The Tàber school in Barcelona recently reviewed its 600 volume children’s library and determined that a third of the collection was sexist and without pedagogical merit, including classic fairy tales like Little Red Riding Hood and the legend of St. George. They removed the 200 volumes deemed misogynistic, and now other schools around the area are considering the same thing.
According to The Guardian, the group behind this purge is Associació Espai i Lleure who is in the midst “of a project that aims to highlight hidden sexist content.” They reviewed the texts with an eye for the characters’ genders, who spoke in the books, and the roles the characters perform. The 200 books purged were called out by the group for portraying “stereotypes” and lacking any “pedagogical value.” The group feels that if young children are exposed to outdated gender stereotypes it will normalize misogyny. Anna Tutzò, one of the parents who reviewed the books, complained that “society is changing and is more aware of the issue of gender, but this is not being reflected in stories.”
Well, of course, children’s literature is changing with the times, it’s especially clear when we see the myriad of challenges to LGBTQIA+ books that didn’t exist in the recent past. But it is unreasonable to expect books to change to match our current thinking long after they’ve been published. And it’s ludicrous to remove every text for being outdated in some way.

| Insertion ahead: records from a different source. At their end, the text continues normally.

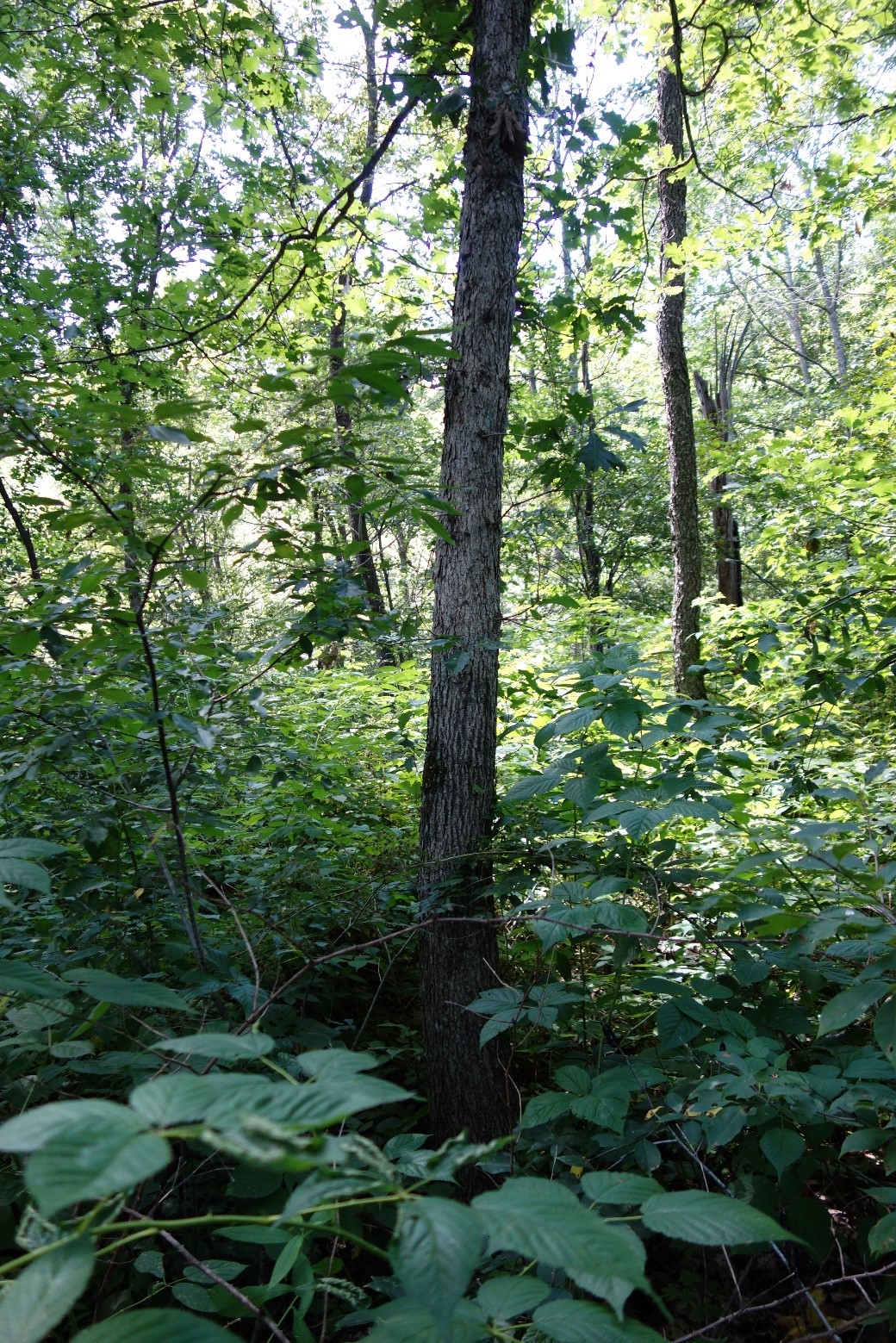 A typical portion of the stand in 2020. Note that full crown closure has not yet been achieved on much of the site, as shown by the amount sunlight hitting the understory and presence of sun-loving raspberry.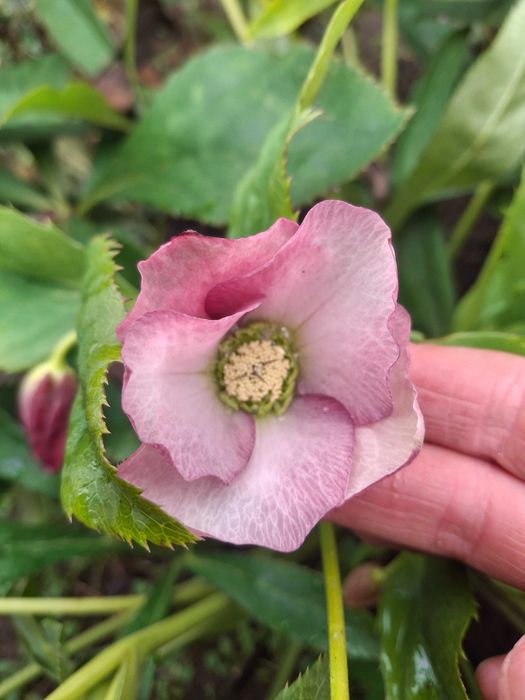 Продам садові декоративні рослини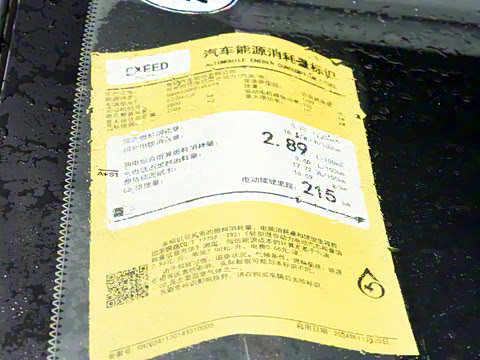 2025�� ���� 265 Max��������������ʻ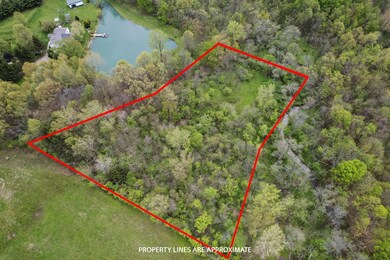 5141 Carters Corner Lot Picture 2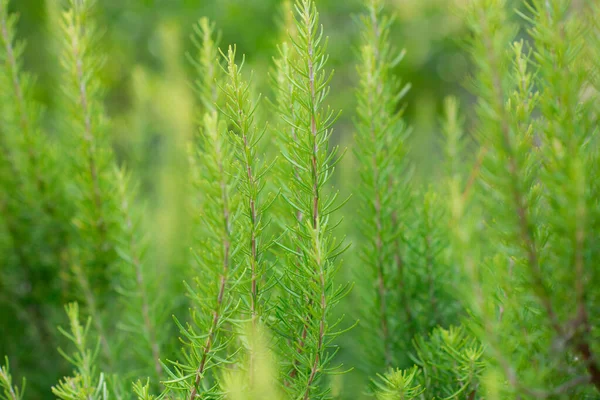 Rosemary Kertben Hagyományos Mediterrán Fűszer Konyhai Fűszer — Stock Fotó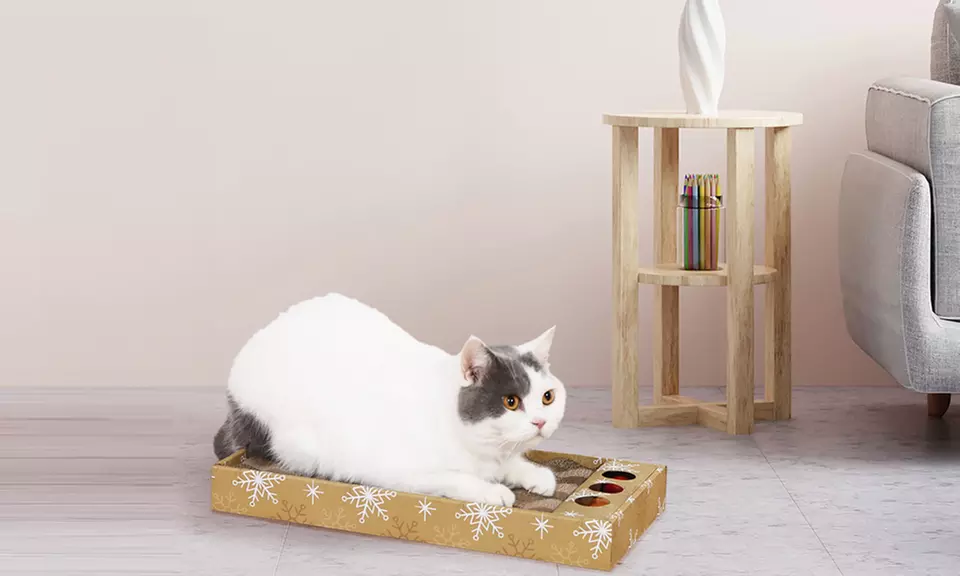 Tavolette tiragraffi in cartone riciclato per gatti
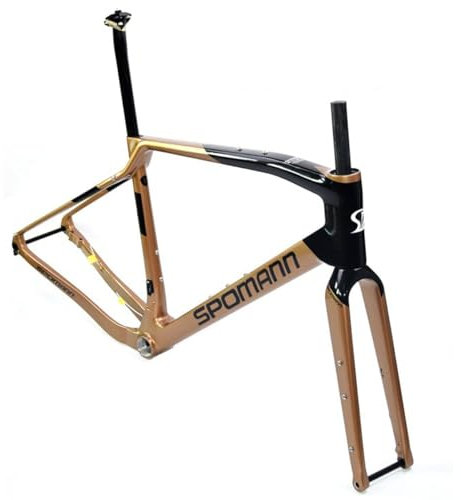 BSFHQS 700C Gravel Rennrad-Rahmensatz Scheibenbremse 40/43/46/49/53cm Carbon Straßenfahrrad Hartschwanz Rahmen 12x100mm/12x142mm Steckachsenrahmen Interne Verlegung(46cm)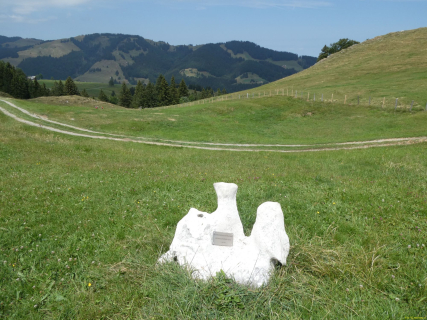 2026-07-21-SAC-Mesmer-Altenalp-127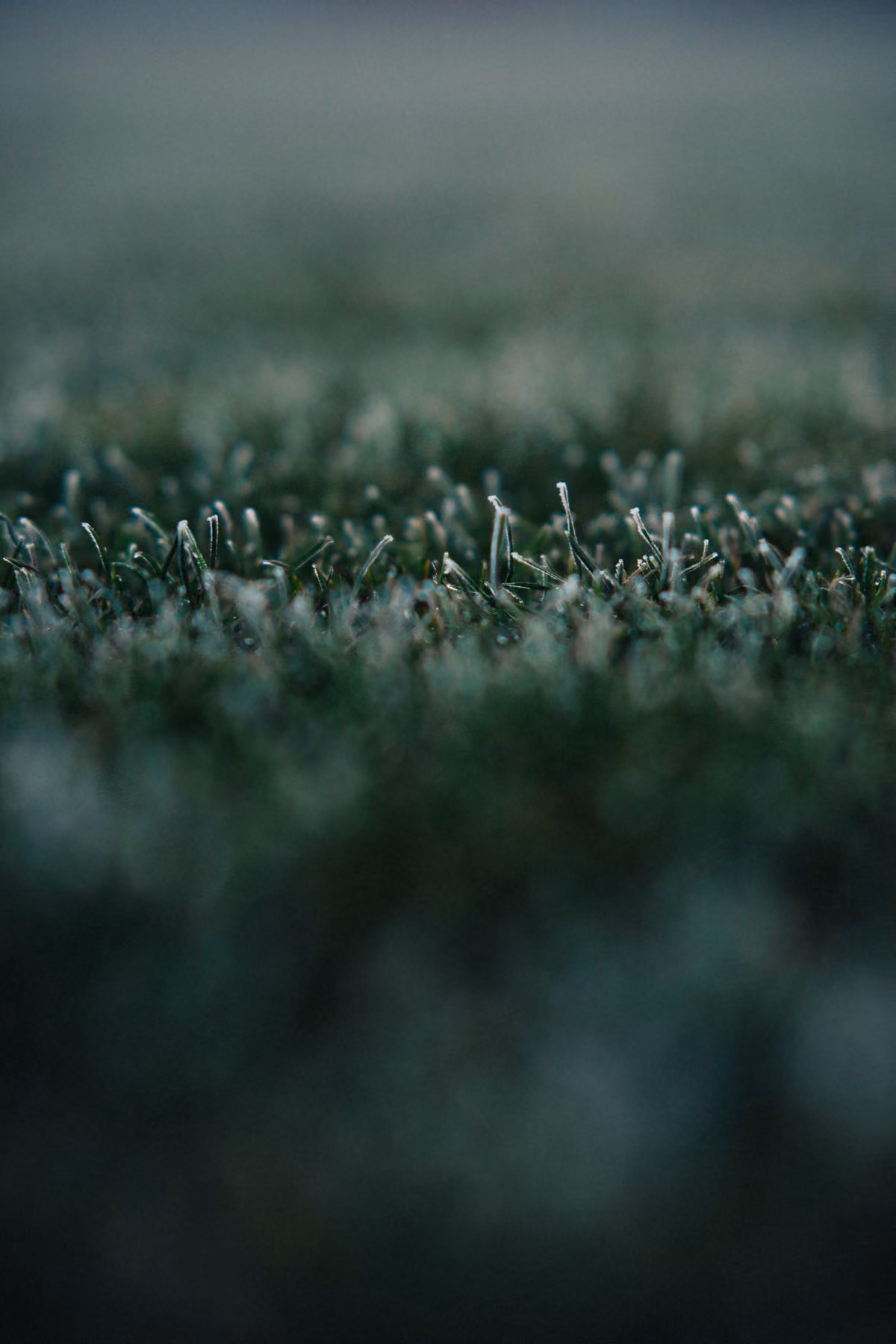 Frost on lawn grass on a cold morning
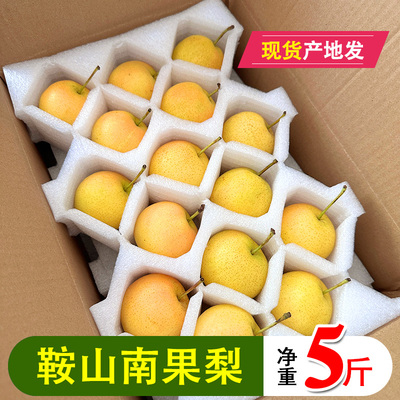 鞍山南果梨5斤正宗东北特产南国梨香水梨子大果新鲜冻梨孕妇水果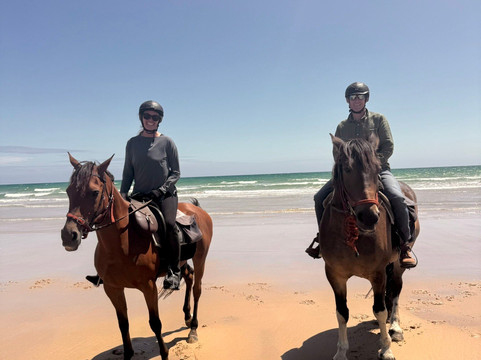 Cradle Country Adventures-摇篮山圣克莱尔湖国家公园必去景点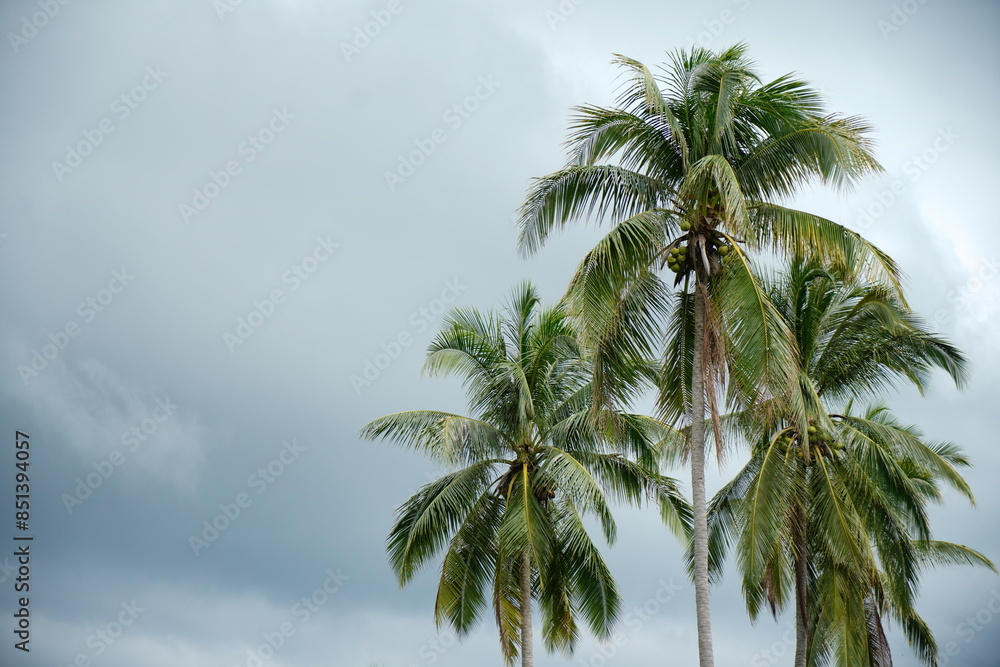 palm trees against blue sky palm trees against blue sky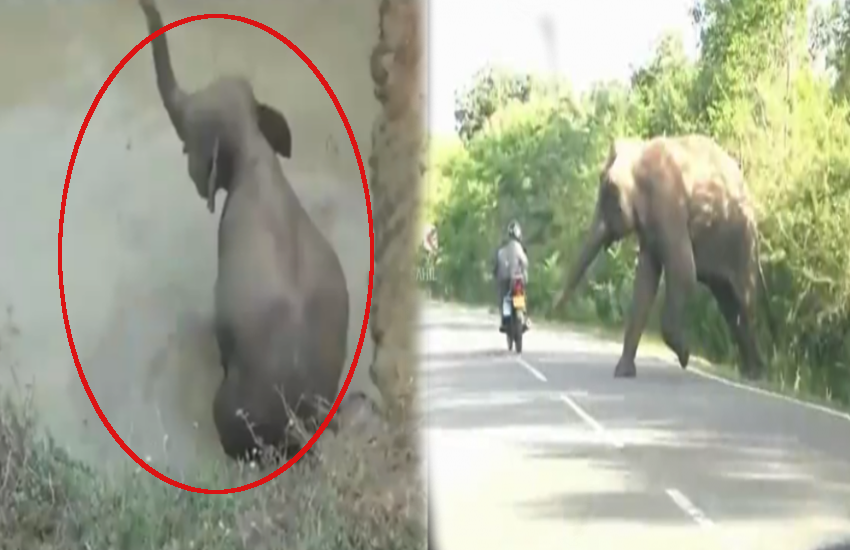 Video: हाथी का बच्चा गिर गया गड्ढे में, इंसानों से मदद मांगने सड़क पर आ गई मां, देखिए फिर क्या हुआ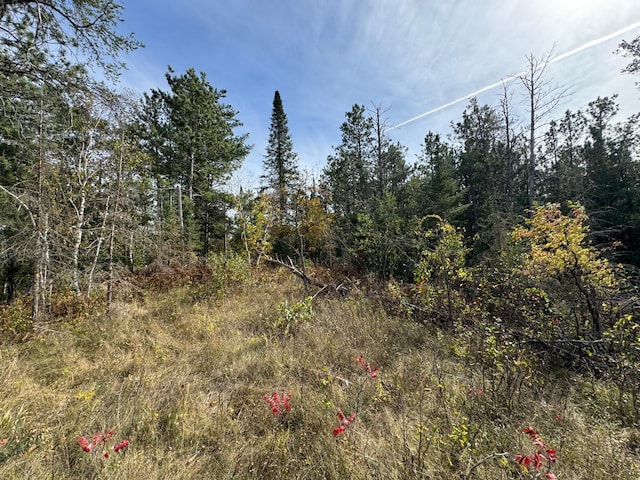 TBD 243rd Ave, Shevlin, MN 56676 - photo 4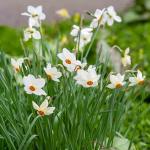 Bulbes à fleurs à planter à l'automne - Narcisse Recurvus (x5) - face recto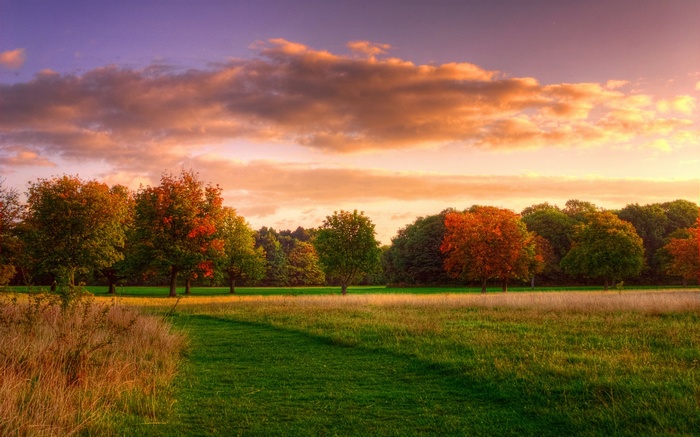 Autumn trees in a park at sunset
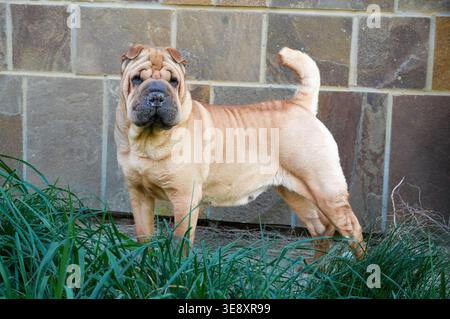 Dogue de Bordeaux ist eine Rasse der Kurzhaarrasse. Stockfoto
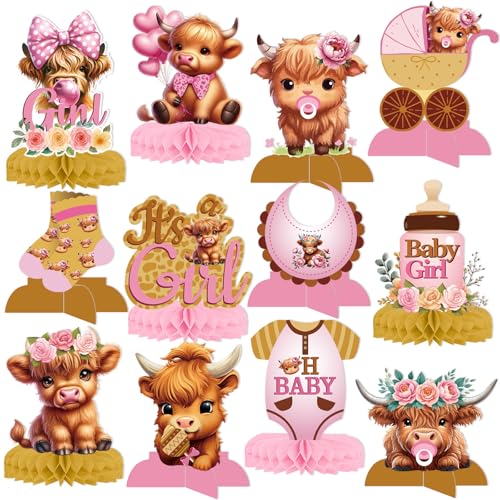 Hochlandkuh Babyparty-Dekorationen – Hochlandkuh, Party-Dekorationen, Kuh, Babyparty-Dekorationen, Heilige Kuh, Babyparty-Dekorationen von Yavxzvbw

Another parent at one of the schools considering following in Tàber’s footsteps, said, “the type of books children read is very important, because traditional books replicate gender stereotypes, and it is good to have books that break these.”
What these schools and parents are forgetting is that these stories, that they are anachronistically calling out for gender stereotypes, raised generations of women and men who fought against those roles and created the slightly more enlightened world we live in today. Erasing the world’s casually sexist past doesn’t fast-track us into a utopia of gender equality, but rather leaves the world with the sort of temporary amnesia that welcomes a backslide into antiquated thinking masquerading as new ideas.
Parents and teachers are meant to put these stories into context because they contain more than just stereotypes, they often contain the origin of archetypes as well as literary foundations to a vast array of books, movies, video games, that children will revisit throughout their whole life. The Guardian pointed out that the Tàber school plans on evaluating the older children’s library, but without such a censorious hand, because they feel older children have a stronger ability to analyze the texts. Part of that ability to critically examine texts comes from reading these stories with adults and having the adults point out flaws and lessons.
Also, the answer in a library to any problem has never been, and will never be fewer books. The answer is always more books. Don’t remove books that don’t match every aspect of our current world in hopes of erasing an unpleasant truth about our past. Buy more books that demonstrate the changes to gender roles society has begun to display. Buy more books that rebuke stereotypes, defy expectations, and engage children about these norms. Erasing an unpleasant history of misogyny, not only asks people to erase a couple of millennia worth of stories but also dooms the world to repeat it in the future.